Configure (src/defluff/integrations/post_tool_hook.py):

PRESET     = "tool_output"   # conservative preset safe for code/JSON
MIN_TOKENS = 100             # only compress outputs larger than this
SHOW_STATS = True

Manual settings.json setup

If you prefer to edit ~/.claude/settings.json yourself:

# Find your absolute path
cd /path/to/defluff && pwd

Open ~/.claude/settings.json (create it if it doesn't exist) and add the hooks block.
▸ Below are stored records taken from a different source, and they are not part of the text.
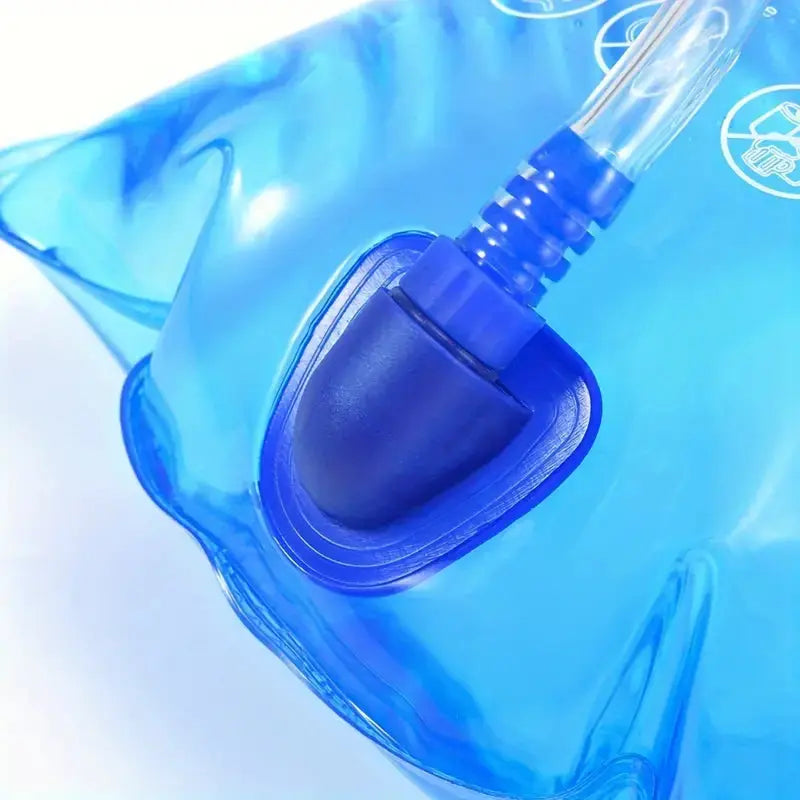 Water backpack – Lightweight hydration backpack 5L with 2L water bladder & bottles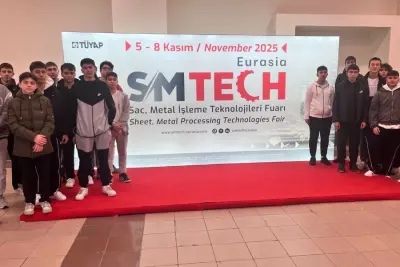 KARABÜK MESLEKİ VE TEKNİK ANADOLU LİSESİ ÖĞRENCİLERİ SMTECH EURASİA FUARI’NDA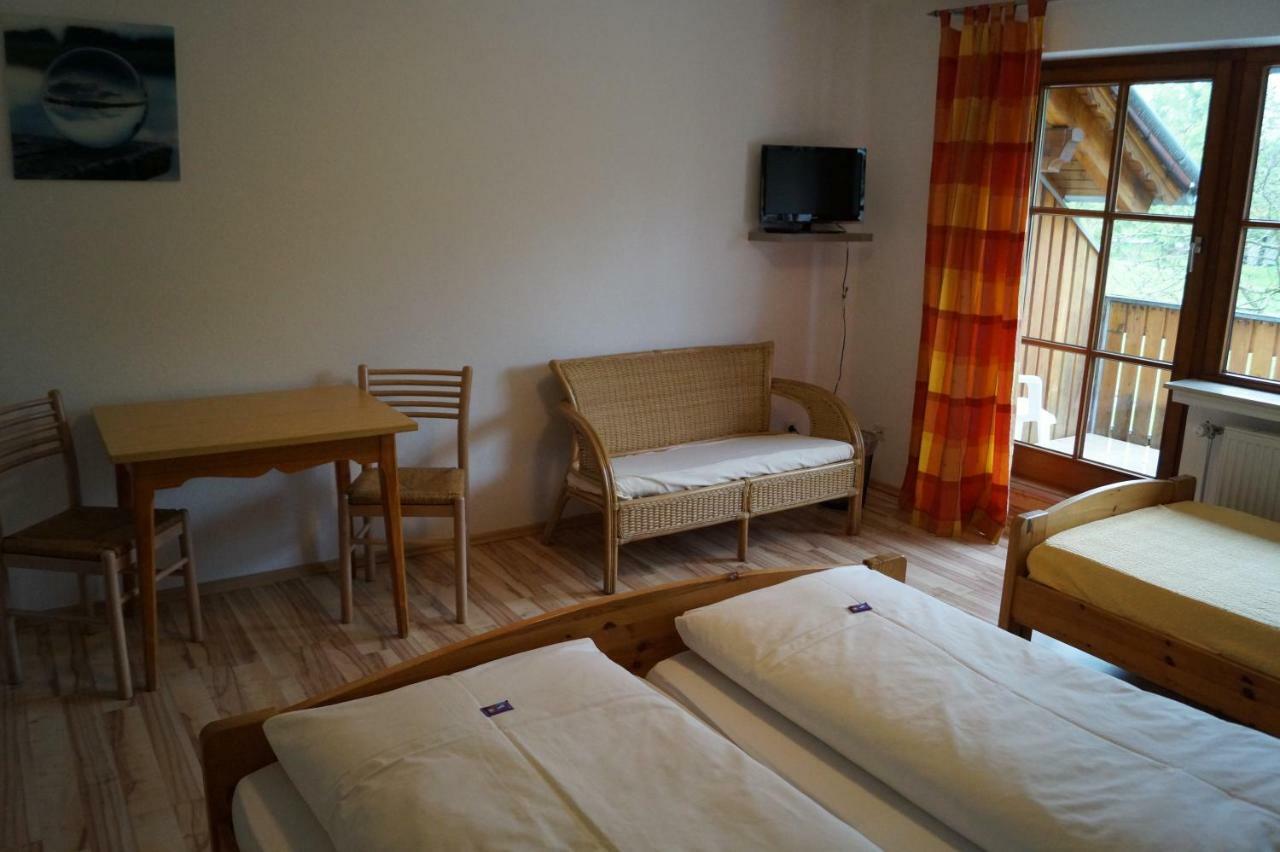 Gaestehaus Zur Muehle Dehm FDH Buitenkant foto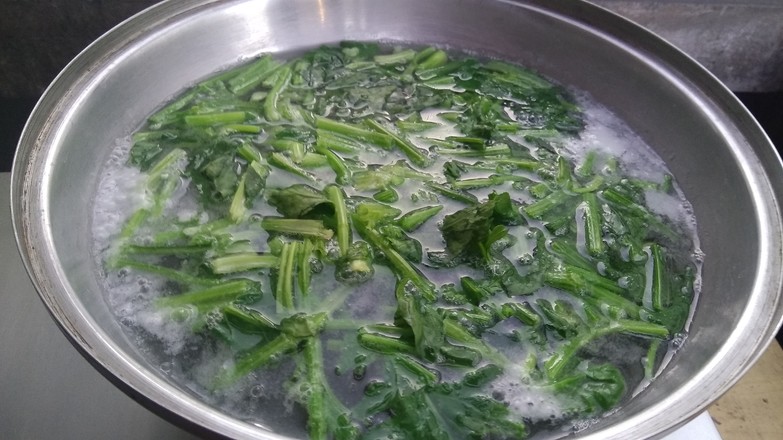菠菜拌涼粉的做法-家常味拌菜譜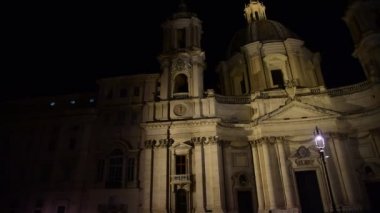 Piazza Navona 'daki Roma şehrinin mimarisi.. 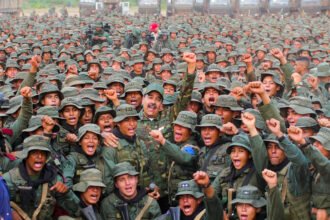 Nicolas Maduro presidente da Venezuela mostra na sua rede Social seu poder Militar proximos da eleição presidencial/RS via Fotos Publicas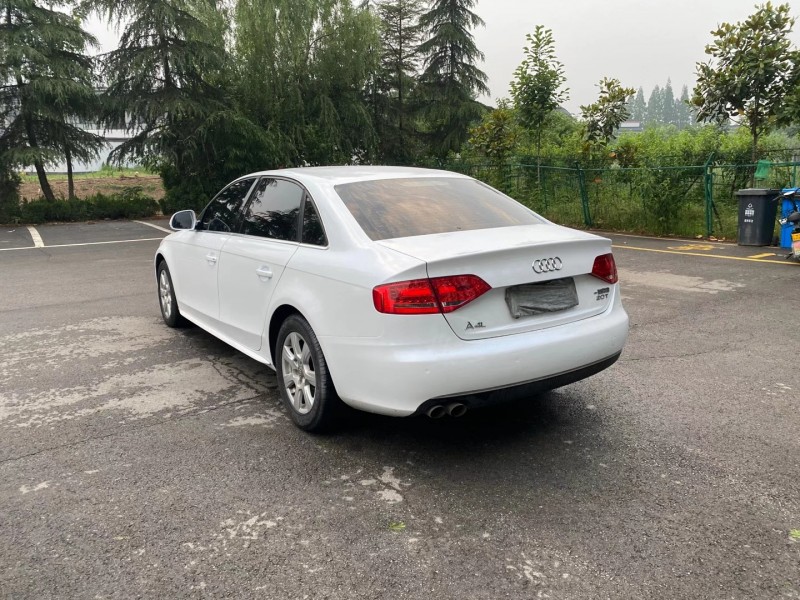 徐州10年奥迪A4L8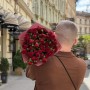 7 гілок кущової троянди Velvet Blossom у букеті «Квітковий поцілунок»
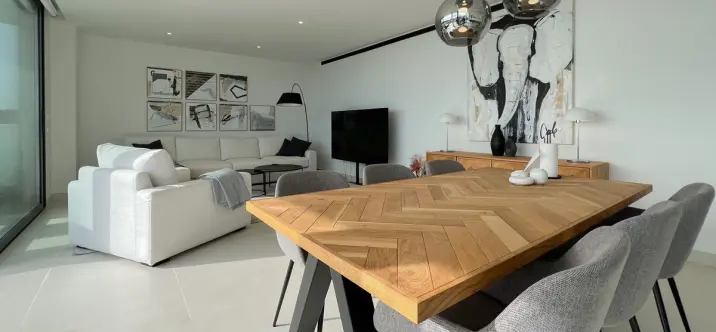 Venta de apartamento en planta media en Higueron 4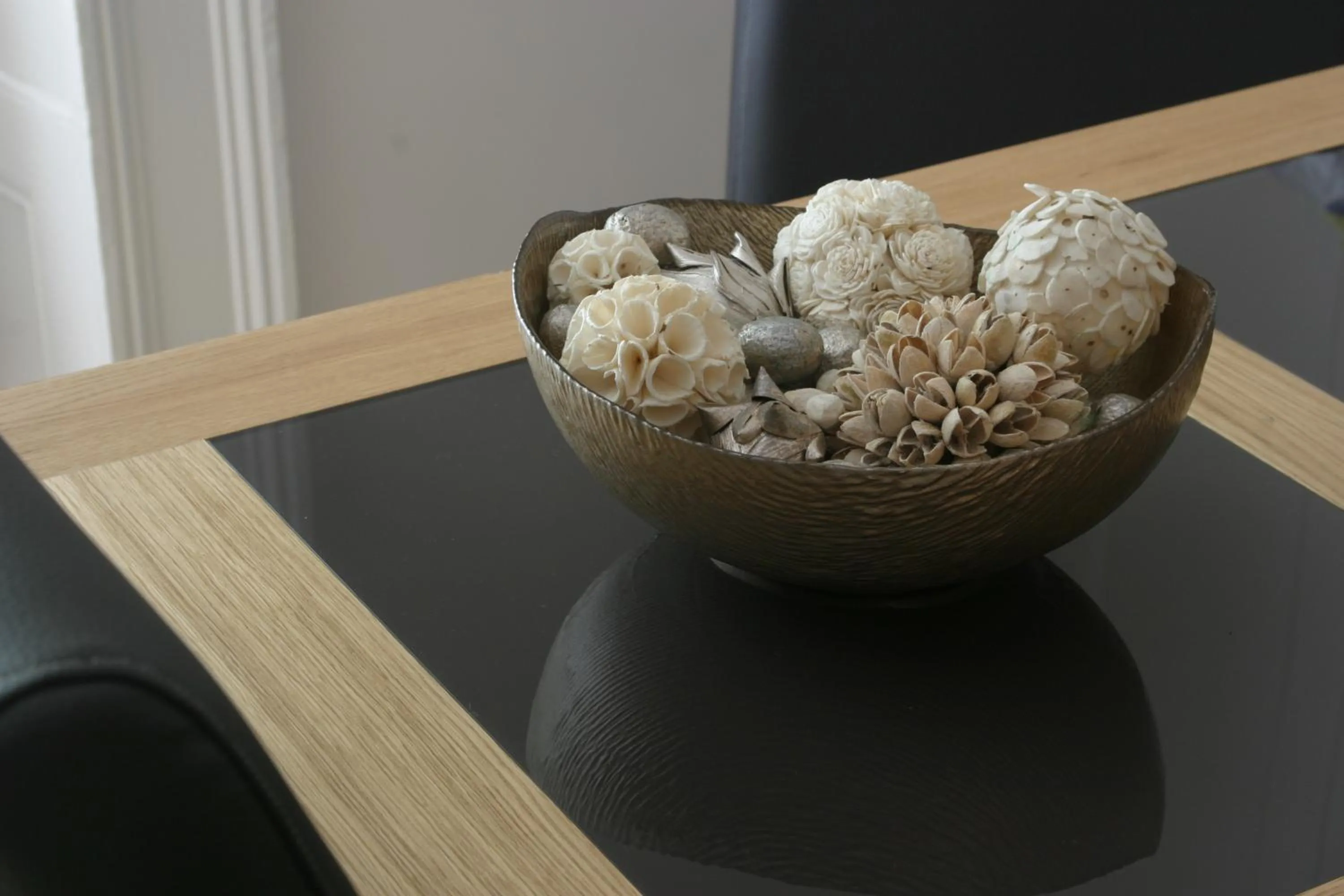 Dining area in Chester Apartments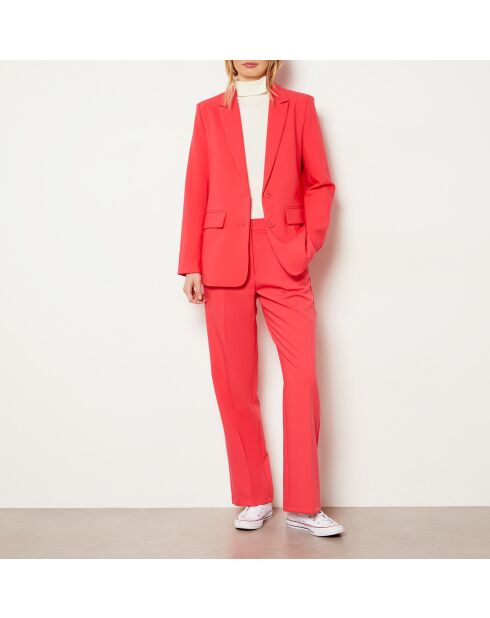 Koraalkleurige jas van Italië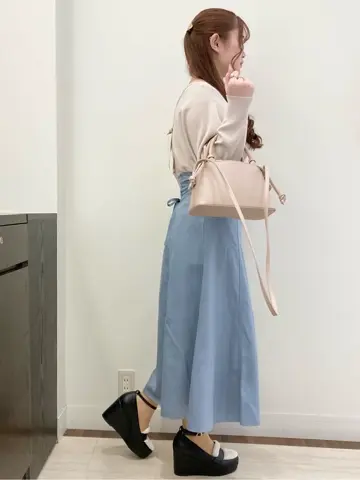 Feroux スタッフ コーディネート画像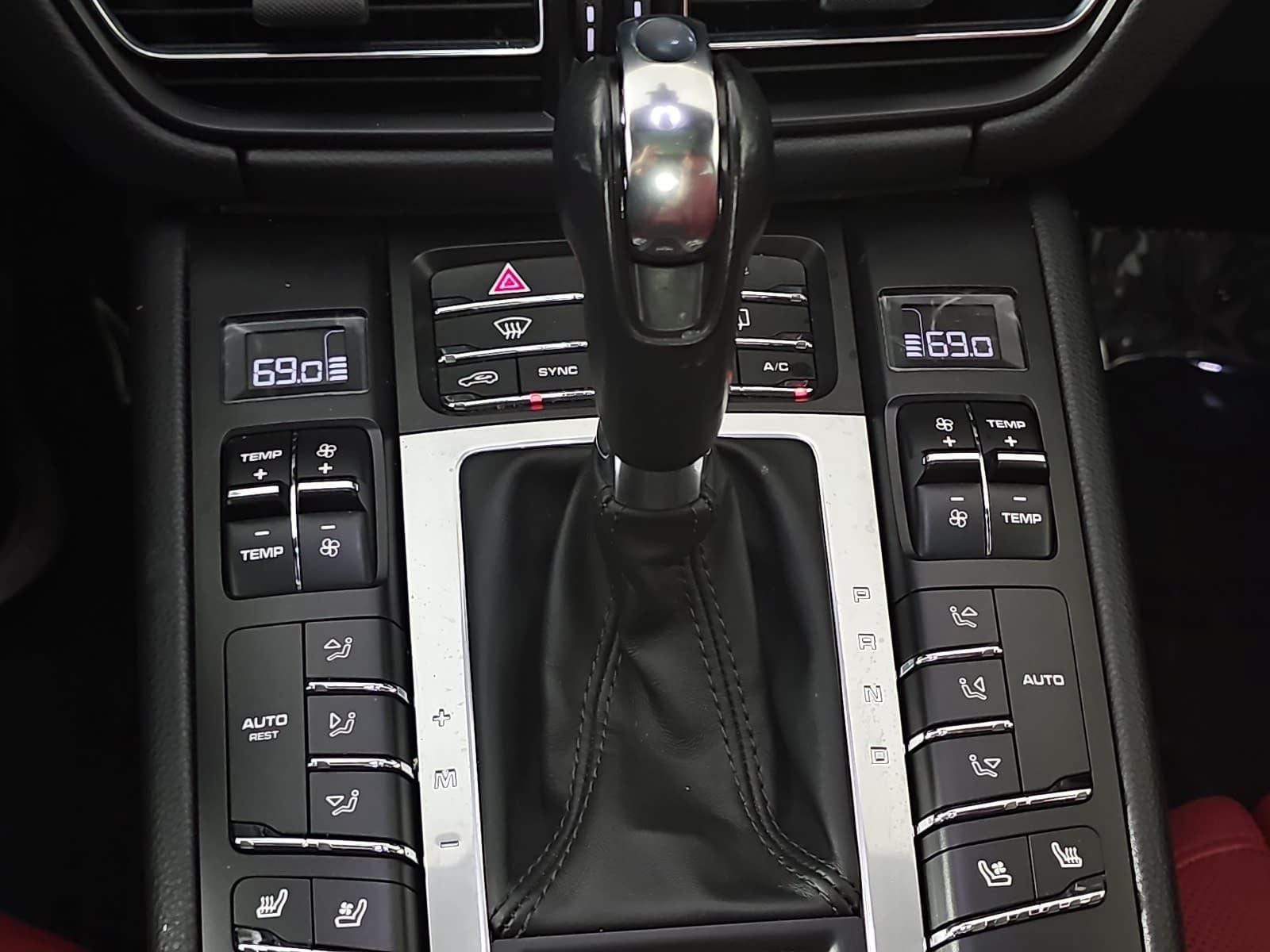 2020 Porsche Macan Base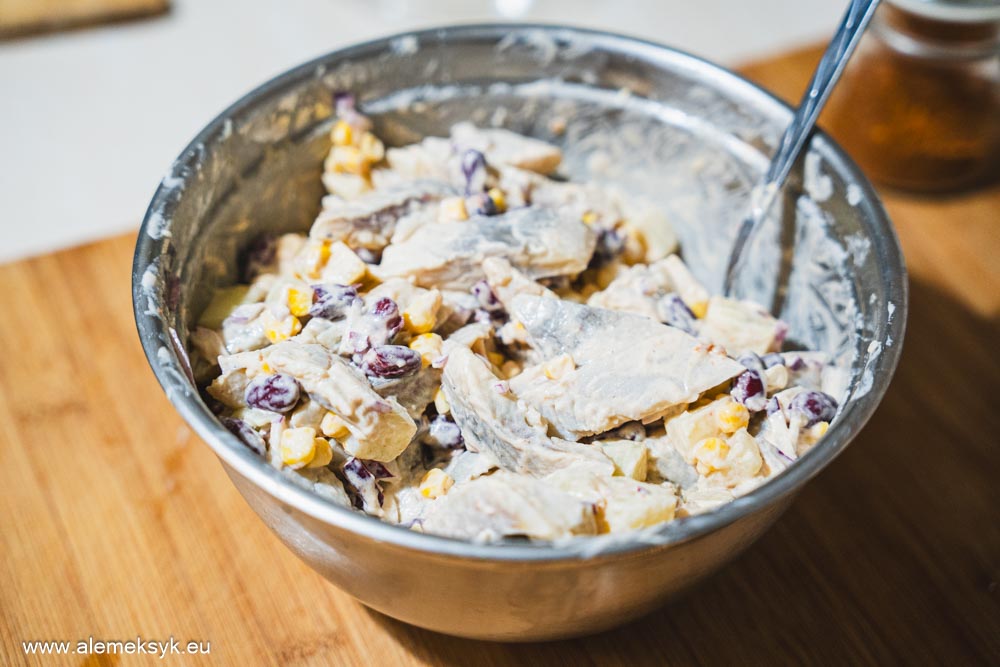 sałatka śledziowa po meksykańsku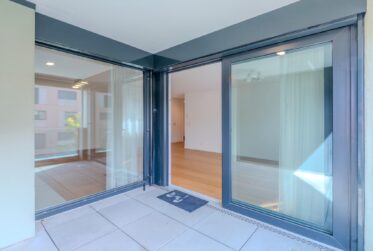 Appartement 3.5 pièces comme neuf avec loggia à Orbe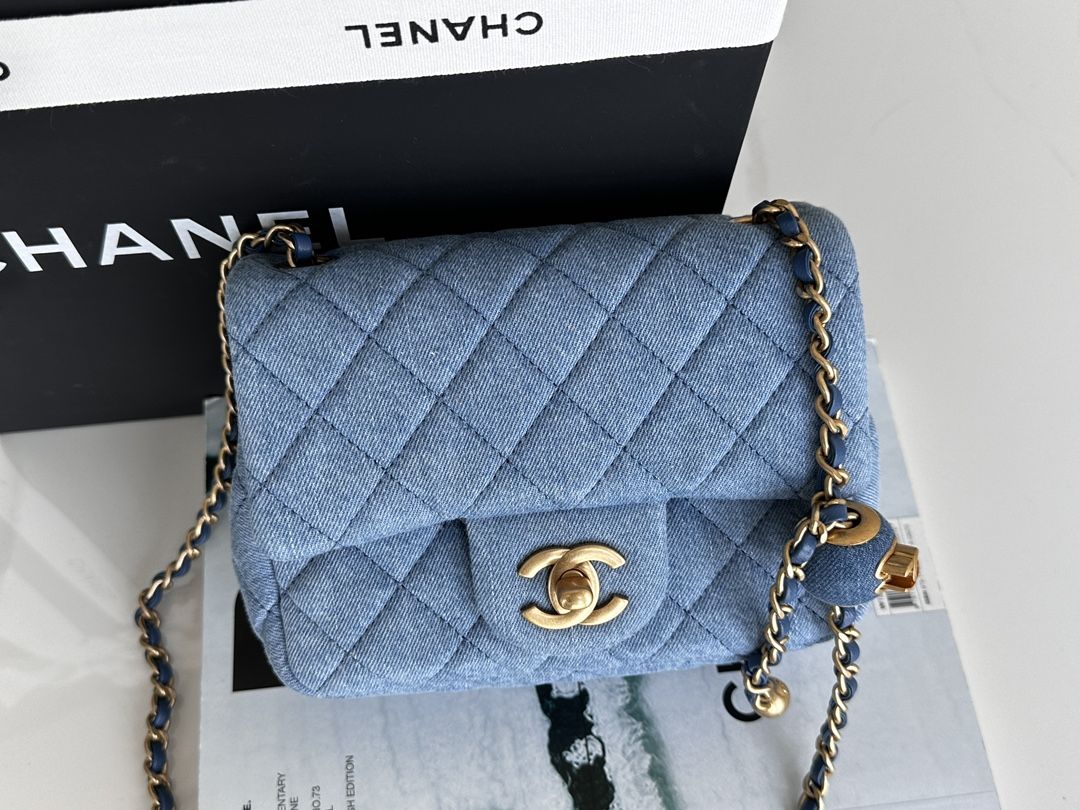 CHANEL 22C Denim Golden Ball square Fat bag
Example with all three hooks:

{
  "hooks": {
    "UserPromptSubmit": [
      {
        "matcher": "",
        "hooks": [
          {
            "type": "command",
            "command": "python3 /Users/yourname/defluff/src/defluff/integrations/claude_hook.py"
          }
        ]
      }
    ],
    "PreToolUse": [
      {
        "matcher": "",
        "hooks": [
          {
            "type": "command",
            "command": "python3 /Users/yourname/defluff/src/defluff/integrations/claude_code_hook.py"
          }
        ]
      }
    ],
    "PostToolUse": [
      {
        "matcher": "",
        "hooks": [
          {
            "type": "command",
            "command": "python3 /Users/yourname/defluff/src/defluff/integrations/post_tool_hook.py"
          }
        ]
      }
    ]
  }
}

Restart Claude Code after saving.


3. Python CLI

Install the CLI

From this repo (development):

pip install -e .

With optional ML tokenizers:

pip install -e ".[ml]"    # adds transformers + torch for HuggingFace tokenizers

Verify:

defluff --help

Commands

defluff compress      Compress text to reduce token usage
defluff count         Count tokens in text
defluff diff          Show diff between two files
defluff list-models   List supported models and pricing
defluff list-strategies  List all compression strategies
defluff stats         Show your all-time savings
defluff share         Generate a shareable savings summary

CLI Examples

Compress a string:

defluff compress --text "I would like you to please explain in order to understand why this is important"

# Output:
# Please explain why this is important
# Before: 18 tokens | After: 7 tokens | Saved: 11 (61%)

Compress a file:

defluff compress prompt.txt
defluff compress prompt.txt --output compressed.txt
defluff compress prompt.txt --preset aggressive

Compress from stdin (pipe):

echo "Please note that in order to do this you should..." | defluff compress -
cat big_prompt.txt | defluff compress - --preset light

Compress and show diff:

defluff compress prompt.txt --diff
defluff compress prompt.txt --diff --diff-format side-by-side

Choose compression preset:

defluff compress prompt.txt --preset light       # safe, whitespace only
defluff compress prompt.txt --preset medium      # default, removes filler phrases
defluff compress prompt.txt --preset aggressive  # maximum compression

Count tokens only (no compression):

defluff count --text "How many tokens is this sentence?"
defluff count prompt.txt --model claude-sonnet-4-6
defluff count prompt.txt --tokenizer anthropic

See all model prices:

defluff list-models

See all compression strategies:

defluff list-strategies

View your savings history:

defluff stats
defluff share    # generate a shareable text summary

JSON output (for scripts):

defluff compress prompt.txt --output-json
# Outputs:
# {
#   "original_tokens": 45,
#   "compressed_tokens": 28,
#   "tokens_saved": 17,
#   "ratio": 37.8,
#   "compressed_text": "..."
# }

4. Python SDK

Use defluff in your own Python code:

from defluff.pipeline import build_preset
from defluff.tokenizers import AnthropicCounter

# Build a pipeline
pipeline = build_preset("medium")  # "light" | "medium" | "aggressive" | "tool_output"

# Compress text
result = pipeline.run("I would like you to please explain in order to understand this topic.")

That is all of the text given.